When it Rains, It Really Pours

No matter where you live, emergencies are bound to happen when you least expect them; the furnace breaks down, appliances stop working, the roof starts leaking or a window gets smashed. The costs for repairs can be tough to stomach, unless you have an emergency fund.

Setting up an emergency fund is easier than you thin. These tips from Bankrate.com will help you handle unexpected surprises with ease.

  • First, estimate how much money you might need for the fund. Experts suggest saving enough to cover four to seven months of expenses. Remember, this fund should not replace your entire income, and it should not be used to fund luxuries, like vacations, fancy new clothes or a new car (unless your existing one breaks down.)
  • Keep funds accessible, but not so readily available that you are tempted to borrow from it. Set up a separate account from your regular checking account.
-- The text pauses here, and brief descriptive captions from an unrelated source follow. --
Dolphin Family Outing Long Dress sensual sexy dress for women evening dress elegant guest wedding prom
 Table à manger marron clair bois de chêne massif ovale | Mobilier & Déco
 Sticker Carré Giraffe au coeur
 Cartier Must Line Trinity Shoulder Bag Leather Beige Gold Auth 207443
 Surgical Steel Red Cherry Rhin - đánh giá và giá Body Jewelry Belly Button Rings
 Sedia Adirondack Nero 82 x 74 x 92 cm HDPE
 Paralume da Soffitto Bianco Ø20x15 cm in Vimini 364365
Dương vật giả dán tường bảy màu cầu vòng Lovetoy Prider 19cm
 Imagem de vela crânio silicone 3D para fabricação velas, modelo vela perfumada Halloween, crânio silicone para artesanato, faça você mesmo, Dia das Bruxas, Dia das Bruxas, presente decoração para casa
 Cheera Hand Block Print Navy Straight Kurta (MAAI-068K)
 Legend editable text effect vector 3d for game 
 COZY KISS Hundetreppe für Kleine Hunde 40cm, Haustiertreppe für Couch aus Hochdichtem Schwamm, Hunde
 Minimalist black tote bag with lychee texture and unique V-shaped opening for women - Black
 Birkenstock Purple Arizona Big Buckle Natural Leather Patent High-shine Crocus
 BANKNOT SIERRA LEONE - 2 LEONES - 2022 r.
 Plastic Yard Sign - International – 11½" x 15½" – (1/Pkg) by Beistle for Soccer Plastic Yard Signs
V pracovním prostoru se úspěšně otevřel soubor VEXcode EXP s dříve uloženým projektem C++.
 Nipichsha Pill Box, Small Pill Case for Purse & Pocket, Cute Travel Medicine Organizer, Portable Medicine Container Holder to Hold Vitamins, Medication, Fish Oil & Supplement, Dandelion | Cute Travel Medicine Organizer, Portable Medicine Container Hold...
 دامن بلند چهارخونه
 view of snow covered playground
Consider using credit unions, which allow consumers to open accounts with smaller sums of cash, or online banks, so you can’t withdraw money from a storefront location.
  • Set up automatic deposits or transfers, so you know for sure that money will be saved each month and the fund will grow steadily, with little effort on your part.
  • Be sure to use the funds only for emergencies, such as replacing broken appliances, replacing the furnace or paying your regular monthly expenses after a job layoff or during a lengthy illness.
  • Begin slowly. Start with a deposit of $50 from each paycheck, then increase it gradually with each job change or pay increase. Set aside a portion of commission checks and tax refund, too.

With these simple steps, you’ll have greater peace of mind, knowing you are prepared for any emergency.